* [How to complete this task]: Leave out all pictures. Extract exactly the lines from the one containing "7893K - Miami" through the end of the data.

* [Data block]:
▼

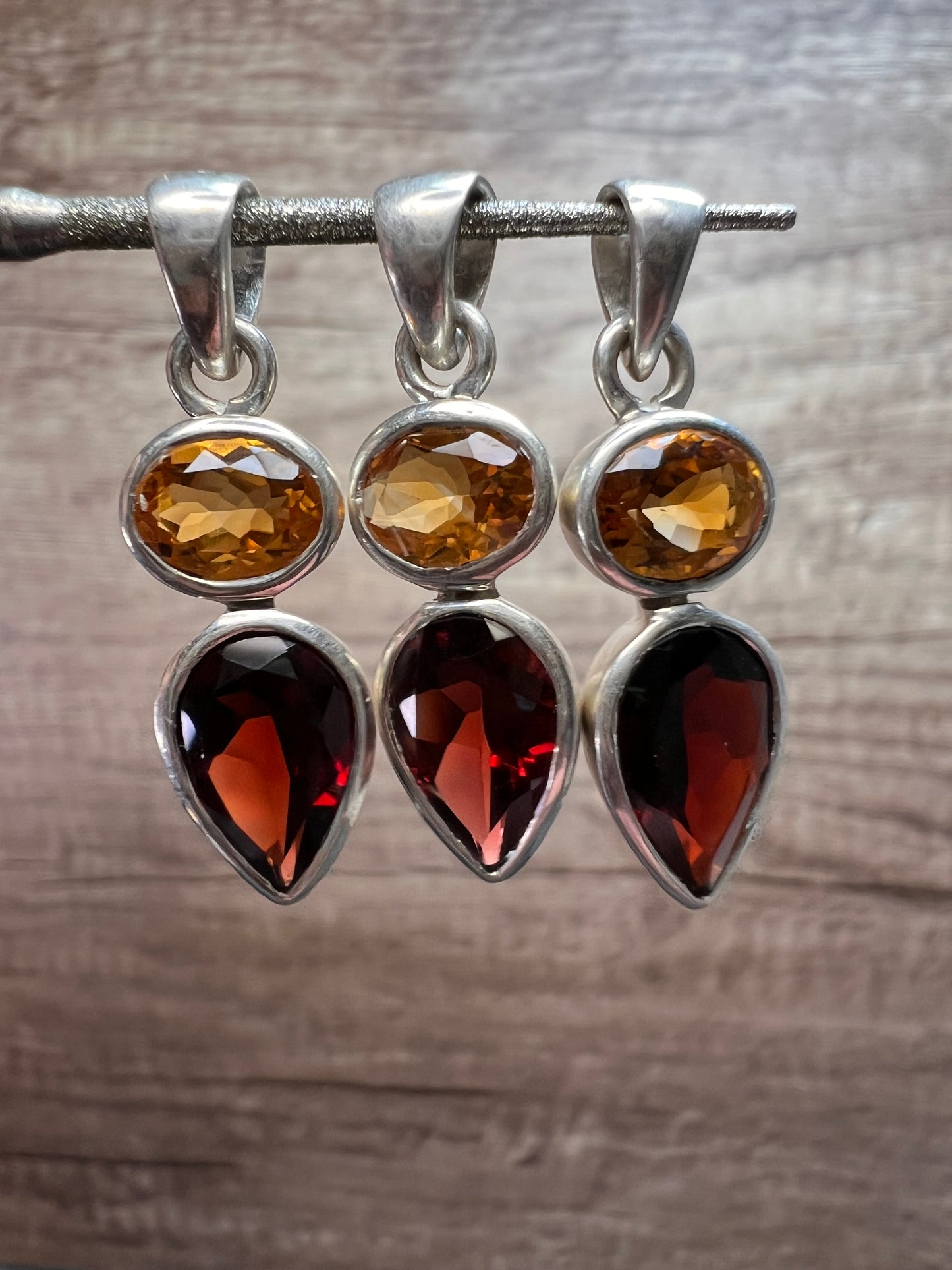 NEW citrine and garnet sterling silver pendant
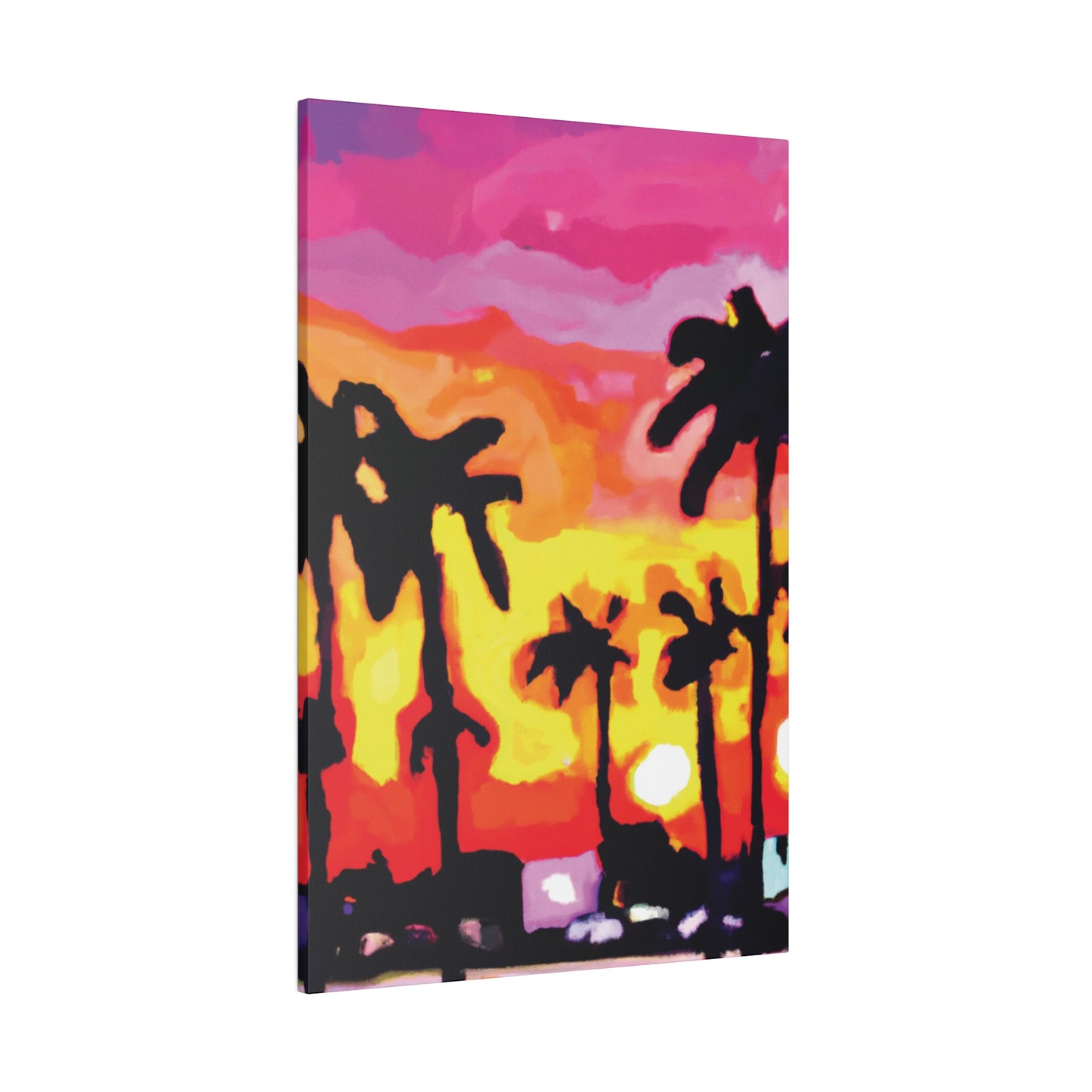 7893K - Miami Beach Sunset Painting Print | Miami | Beach | Sunset | Poster | Home Decor | Wall Art | Canvas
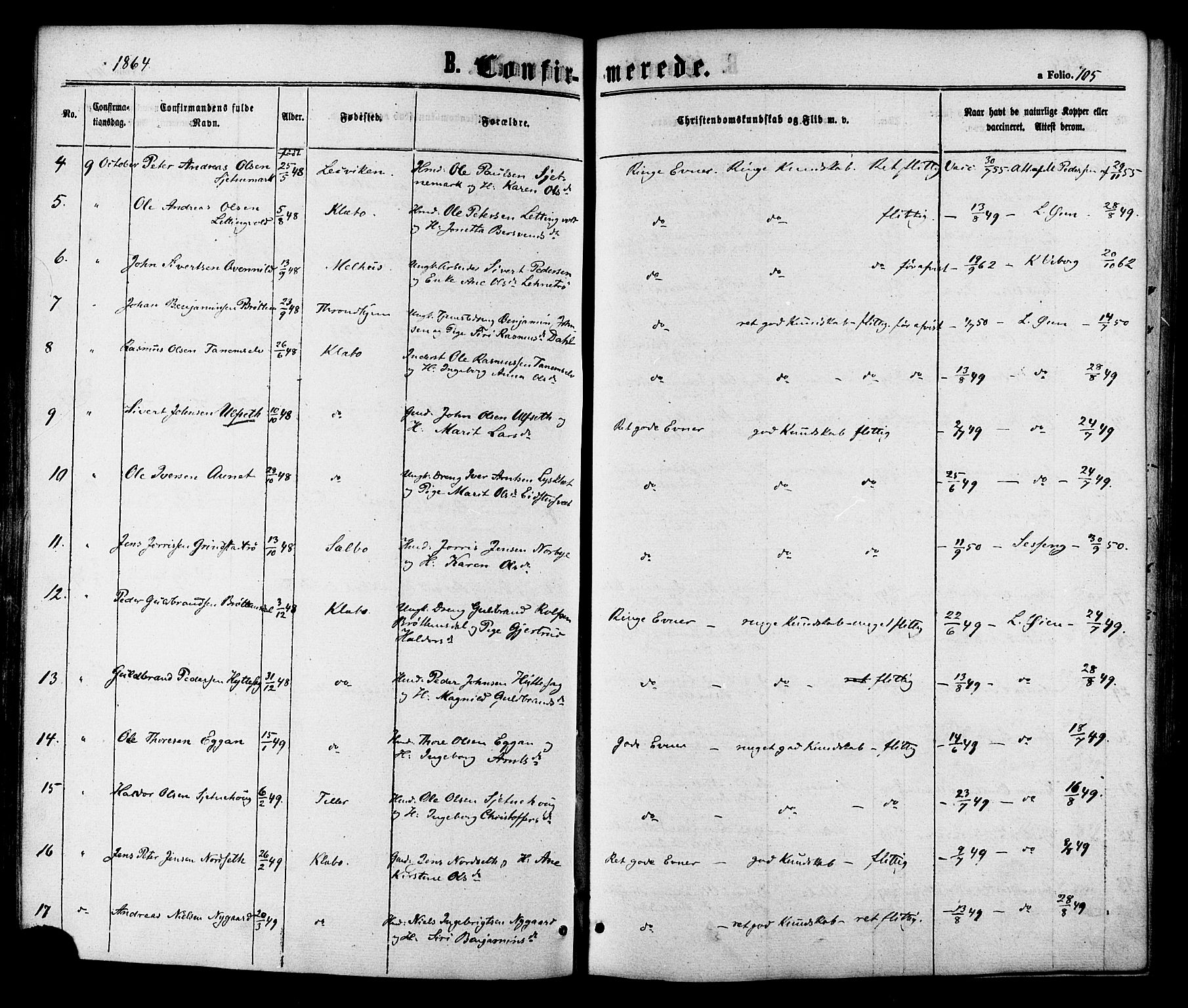 Ministerialprotokoller, klokkerbøker og fødselsregistre - Sør-Trøndelag, SAT/A-1456/618/L0442: Parish register (official) no. 618A06 /1, 1863-1879, p. 105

▲

* [Your solution]:
 7893K - Miami Beach Sunset Painting Print | Miami | Beach | Sunset | Poster | Home Decor | Wall Art | Canvas
 Ministerialprotokoller, klokkerbøker og fødselsregistre - Sør-Trøndelag, SAT/A-1456/618/L0442: Parish register (official) no. 618A06 /1, 1863-1879, p. 105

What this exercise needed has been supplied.